At Field Trip Health’s Chicago location in River North, patients see a nurse practitioner and therapist, go through one or two prep sessions before ketamine sessions and see therapists afterward to help sustain positive behavior changes realized by the ketamine trip, said Matt Emmer, vice president of health care practice at Field Trip Health.
“You can have illuminating sessions (with ketamine), but it is the therapy that helps create sustainable change,” he says.
Field Trip Chicago, open for almost a year, has provided “several hundred sessions” to patients who have treatment-resistant depression, severe anxiety and often post-traumatic stress disorder, says Anya Ravitz, a Field Trip psychotherapist.
“In the middle of a pandemic, with the general state of the world, trauma is just more attenuated. I’ve seen ketamine therapy be so helpful for almost all our clients. It moves people past that place of ‘stuckness’ and takes them beyond an ordinary state of consciousness. Talk therapy can take you there, too, but it takes a long time,” she said.
Field Trip’s treatment is the ketamine-through-intramuscular-injection route. The company said in a statement that its doses are “significantly lower than what has been safely used in anesthesia for decades.”
Zajecka said that, like the Spravato model, “what’s going to have to happen with these other treatments is there’s going to need to be guidance of what will be the standards of care. We need to stay focused on where the empirical evidence takes us.”
Nevertheless, ketamine therapies—specifically, Spravato—have been “kind of groundbreaking, Zajecka said, and research into all these different compounds “has opened the door to many possibilities.”

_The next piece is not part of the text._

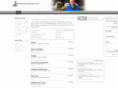 bostontruckrepair.com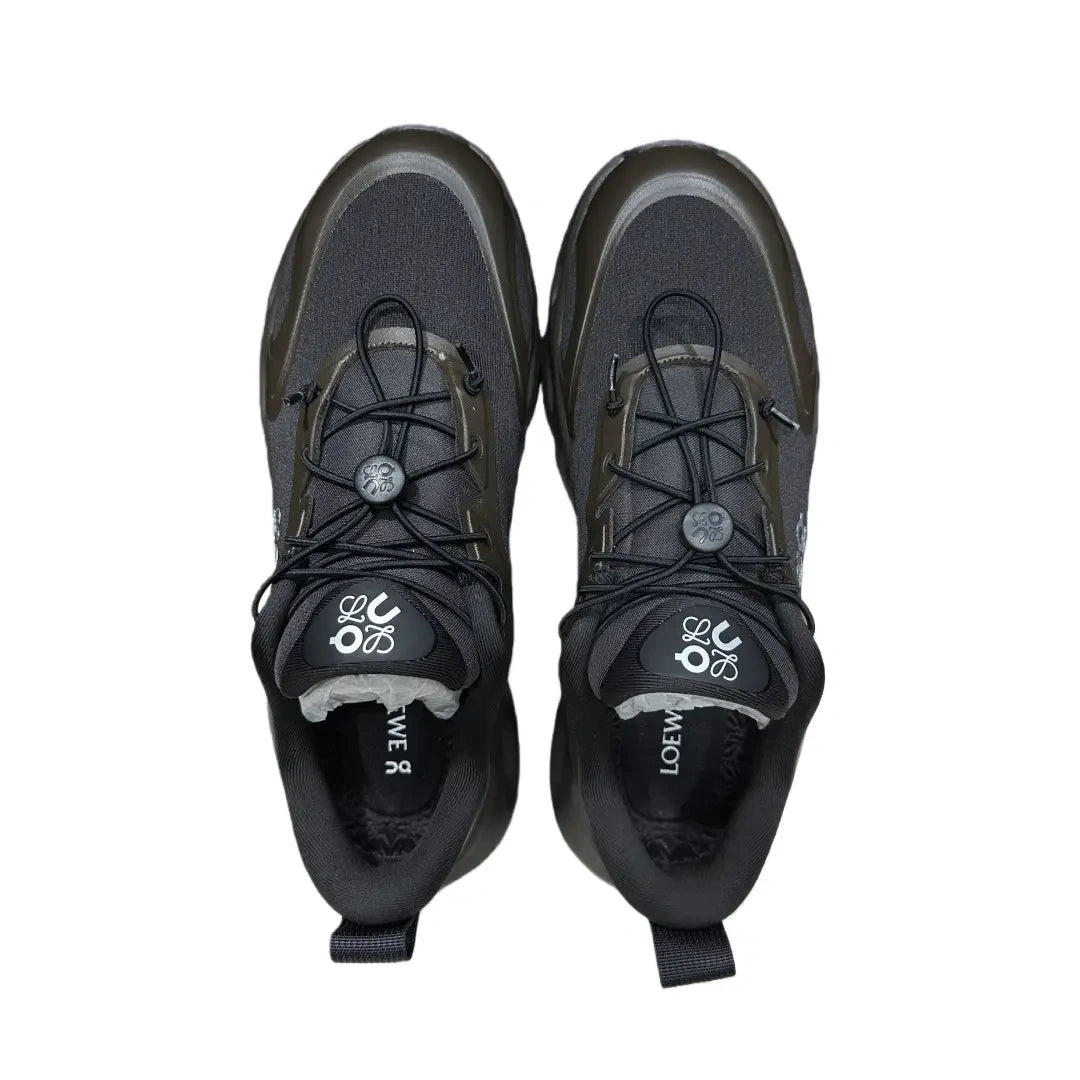 LOEWE X Cloudventure 3.0 Unisex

At Rush, Zajecka’s research is moving toward a study of Spravato being used in conjunction with cognitive behavioral therapy. He said he also plans to be involved in psilocybin studies in which the drug is used in a systematic way that involves clinicians monitoring the patient’s experiences and talking through the experience afterward.
Beyond ketamine, Wesana is in the early phases of seeking FDA approval of its combination psilocybin and cannabidiol therapy drug candidate, SANA-013. The company will have a pre-Investigational New Drug meeting with the FDA on March 11 to discuss the proprietary protocol of SANA-013 for the treatment of traumatic brain injury-related major depressive disorder.

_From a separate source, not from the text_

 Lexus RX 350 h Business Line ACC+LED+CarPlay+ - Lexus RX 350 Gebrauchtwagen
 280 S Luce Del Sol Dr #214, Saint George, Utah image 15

Field Trip Health is developing psychedelic therapies, beginning with a psychedelic molecule, FT-104, informally known as Isoprocin Glutarate.

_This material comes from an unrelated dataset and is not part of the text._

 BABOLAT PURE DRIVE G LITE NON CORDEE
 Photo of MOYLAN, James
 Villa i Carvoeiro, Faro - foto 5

“We designed FT-104 to provide a more convenient, practical and consistent experience, while retaining the characteristics of a classical serotonin psychedelic,” Joseph del Moral, Field Trip Health CEO, said in a statement. “These aspects are important therapeutic and commercial differentiators which may truly separate FT-104 from psilocybin for clinical operators and for patients seeking psychedelic psychotherapy.”